> **Your instructions**: Look through the data below and output, unchanged, every line from the one holding "Tierra Button Midi Dress - White" through the one holding "Moringa liquid drops", inclusive. Skip the pictures.

> **Provided material**:

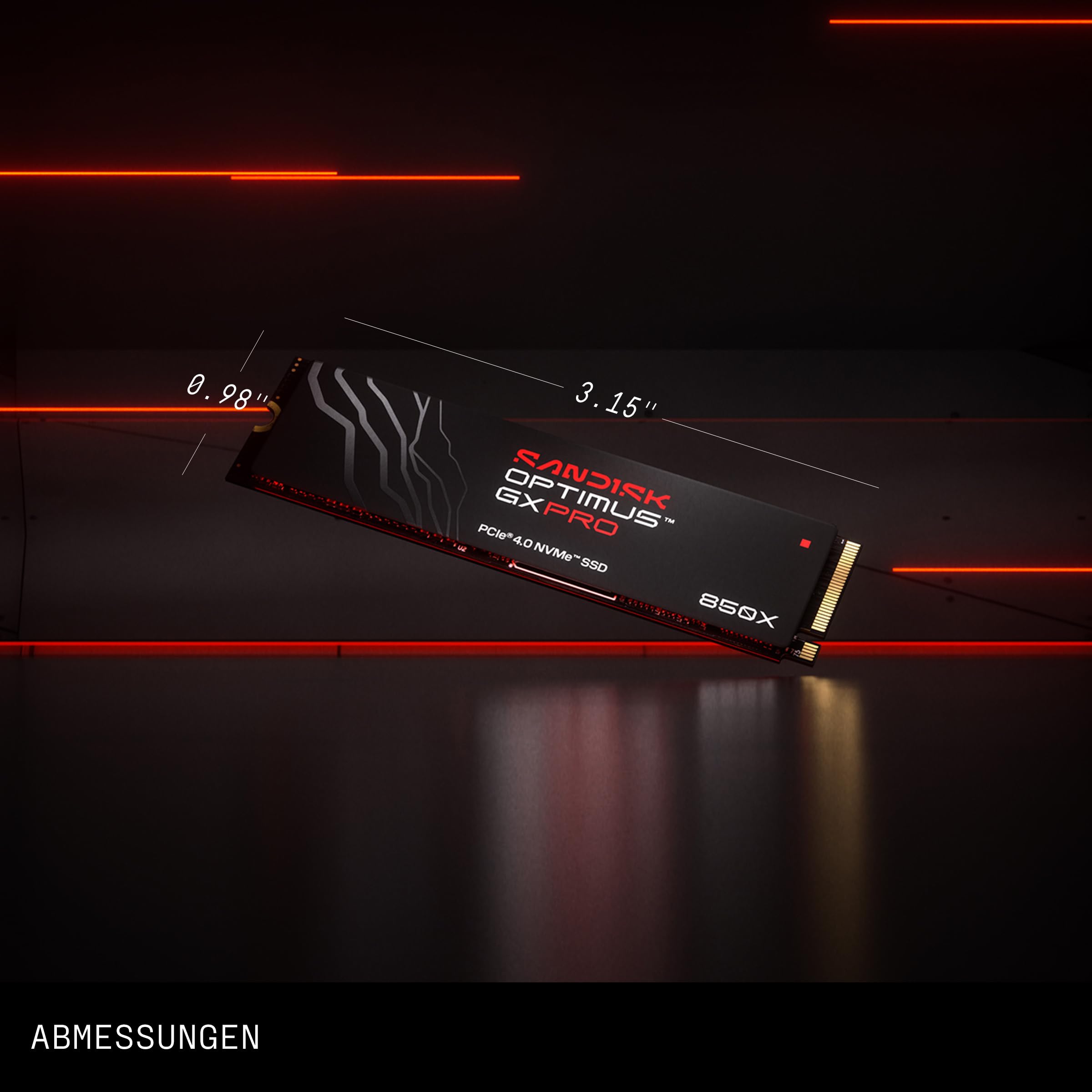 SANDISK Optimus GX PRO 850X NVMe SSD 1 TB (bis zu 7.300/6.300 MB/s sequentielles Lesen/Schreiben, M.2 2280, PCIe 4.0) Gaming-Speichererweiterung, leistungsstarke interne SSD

---

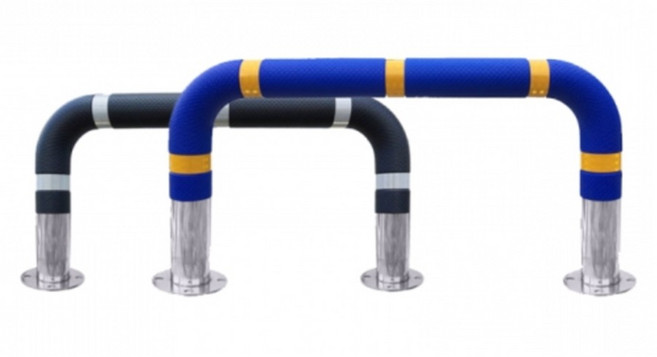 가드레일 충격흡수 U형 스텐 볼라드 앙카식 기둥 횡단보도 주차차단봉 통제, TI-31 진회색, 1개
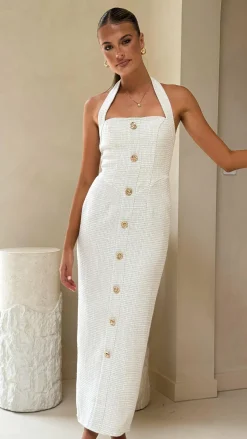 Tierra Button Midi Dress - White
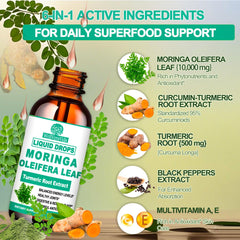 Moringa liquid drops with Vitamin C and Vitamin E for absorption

...

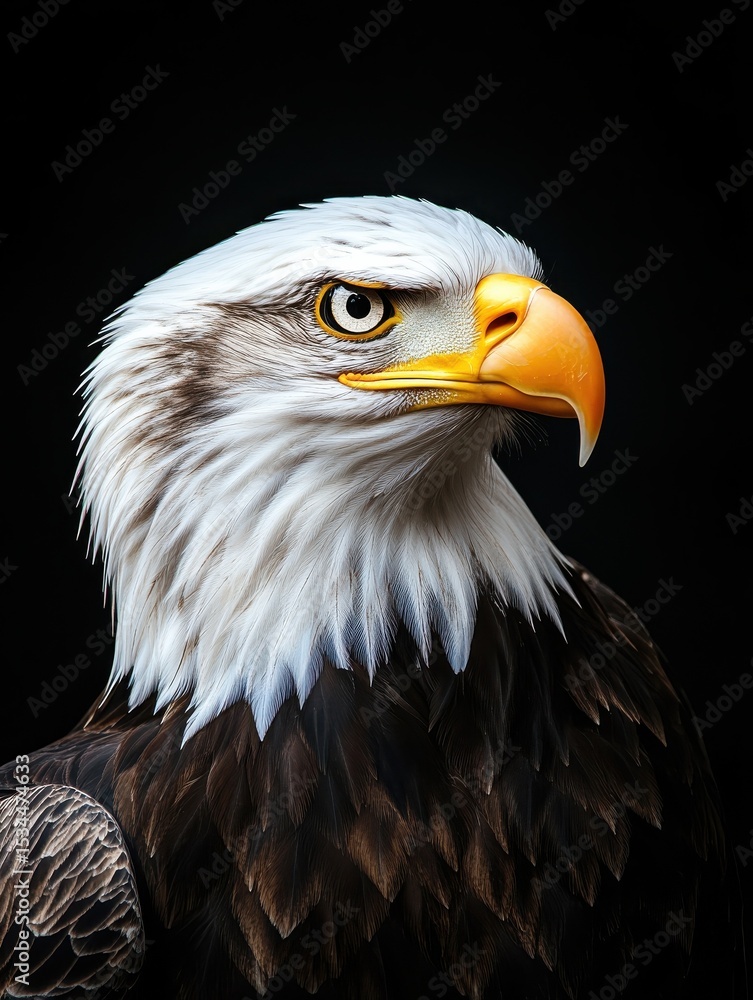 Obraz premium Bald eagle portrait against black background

> **Output of the task**:
 Tierra Button Midi Dress - White
 Moringa liquid drops with Vitamin C and Vitamin E for absorption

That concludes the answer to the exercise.